Tuesday, November 10, 2009

The Roots of Eastern Religion

"Avraham gave all he had to Yitzchak. And to the children of the concubines of Avraham's, Avraham gave gifts, and he sent them away from Yitzchak his son, while he was still alive, eastward to the land of the east." Breishis, Parshas Chayei Sarah. (Gen. 25:5-6 in the Sapirstein Edition of Rashi: The Artscroll Series, pp. 266-7).

The question is asked, if Avraham just gave everything he owned to Yitzchak, then what did he give to his other children? Rashi addresses this by saying, "Our Rabbis explained, he gave over to them a name of an impurity. " (Id.) In other words, it was a spiritual gift. What was the nature of this spiritual gift?

The Gemara, in Sanhedrin 91a goes on to explain that it was "A name by whose pronunciation they would be able to perform sorcery. The 'gifts' here do not refer to property, for Avraham had already transferred ownership of all of his property to Yitzchak." (Id.)

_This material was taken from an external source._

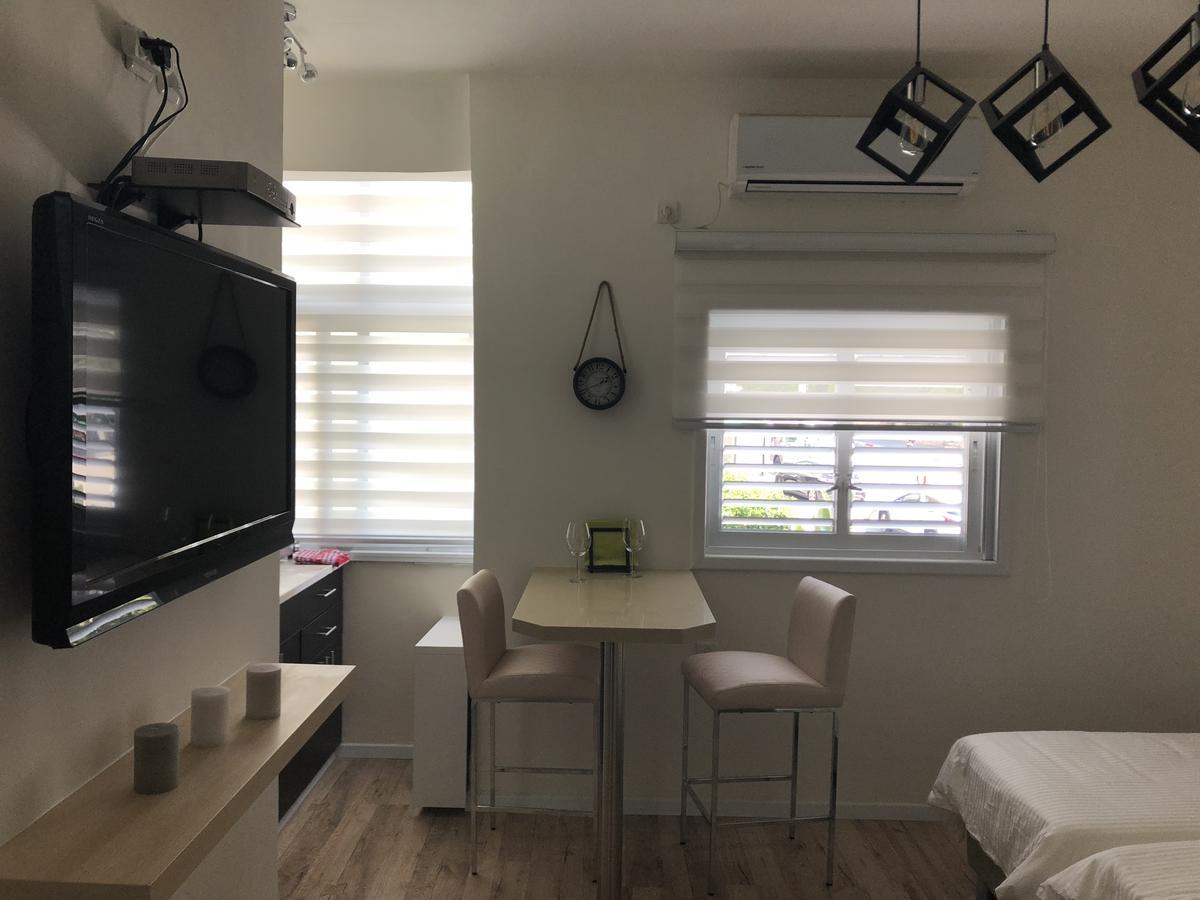 Studio Apartment In Bat-Yam 巴特亚姆 外观 照片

To summarize: Avraham sent his children to the east with powerful spiritual gifts, and those children presumably became the progenitors of the spiritual traditions of the east that we have today.

I understand why American Jews are often dissatisfied with the experiences they've had in organized Jewish life growing up, and seek something more spiritually satisfying as adults. But I have wondered why these Jews are so attracted to Eastern religions specifically.

This source makes a good argument for why that is. Apparently, the root of those spiritual traditions is in Torah and in the acknowledgment of the One True G-d, however obscured those roots have become today. There is obviously still residual power from that original spiritual energy that Avraham sent, enough so to draw spiritual seekers to attempt to slake their thirst there.

Over the course of this week I'm going to see if I can find any further information on this subject.